The National Labor Relations Board on Tuesday released a decision that would make it easier to unionize nursing home workers.
It is the latest in a flurry of moves favorable to unions that the board completed before the term of its chairwoman, Wilma B. Liebman, expired on Sunday. The board released two other pro-union decisions on Tuesday, both reversing decisions issued under President George W. Bush.
In the nursing home decision, the board ruled that the union, the United Steelworkers, could organize just the 53 certified nursing assistants at a nursing home in Mobile, Ala., as part of one bargaining unit, without including the home’s 33 other nonprofessional workers, including janitors, cooks and file clerks.
Groups representing businesses and nursing home operators attacked the decision, fearing it would make the homes more vulnerable to unionization drives.
“This ruling makes it easier for unions to gerrymander who is in a bargaining unit to help them be successful in organizing,” said Michael J. Eastman, executive director of labor law policy at the United States Chamber of Commerce.
In the Alabama case, known as Specialty Healthcare, the board reversed a 1991 ruling and stated that the potential bargaining unit for employees at nonacute health care facilities would be based on the same “community of interest” standard used at other workplaces. Under that standard, bargaining units would generally be based on whether employees had similar responsibilities, supervisors, skills, working conditions and pay scales.

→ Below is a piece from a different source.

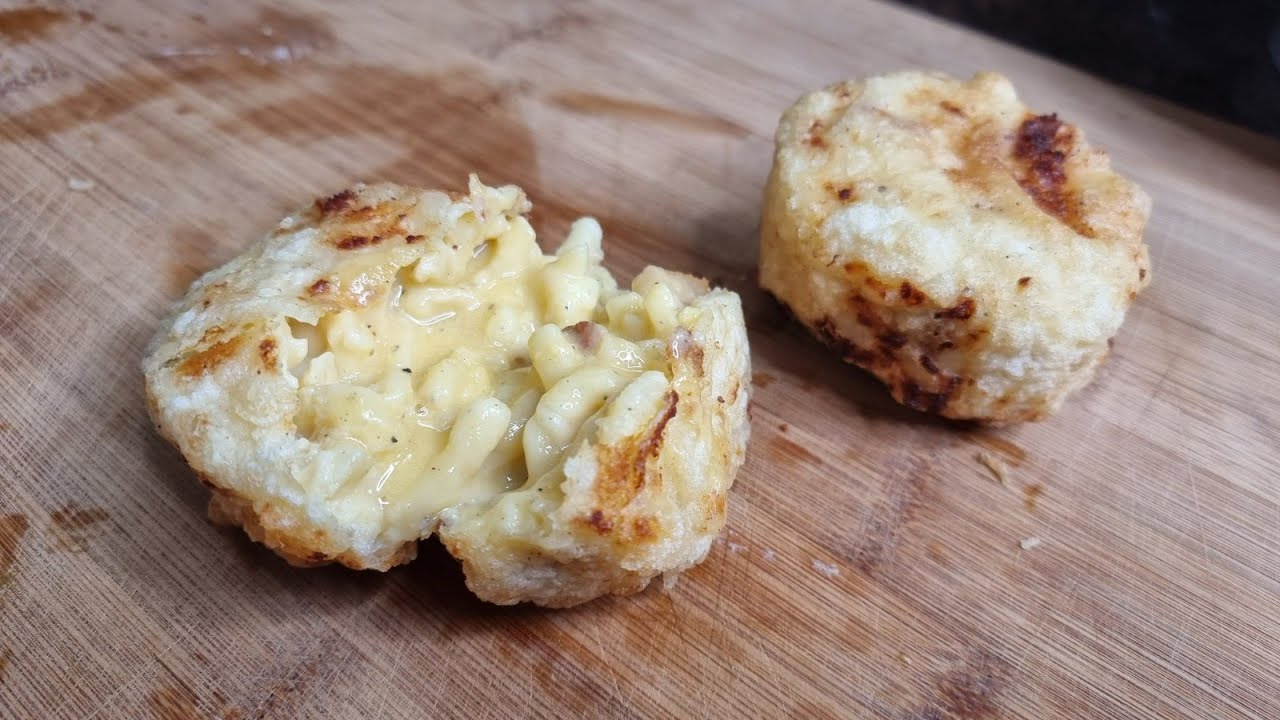 Frittatine alla carbonara GODURIA PURA 😮 #shorts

In a 3-1 decision, the majority said the 1991 ruling was obsolete and inconsistent with the aims of the National Labor Relations Act. The majority consisted of three Democrats: Ms. Liebman, Craig Becker and Mark G. Pearce, the board’s new chairman.
The board’s sole Republican, Brian E. Hayes, said the decision “fundamentally changed the standard for determining” who should be in a bargaining unit. “The majority is making sweeping changes to established law through this adjudication,” he wrote. “This initiative puts our agency beyond the pale of reasoned adjudication.”
Mr. Hayes asserted that the new approach would encourage the unionization of units as small as possible, which he said conflicted with the labor act’s aims.
Responding to Mr. Hayes, the majority wrote, “Our decision adheres to well-established principles of bargaining unit determination reflected in the language of the act and decades of board and judicial precedent.”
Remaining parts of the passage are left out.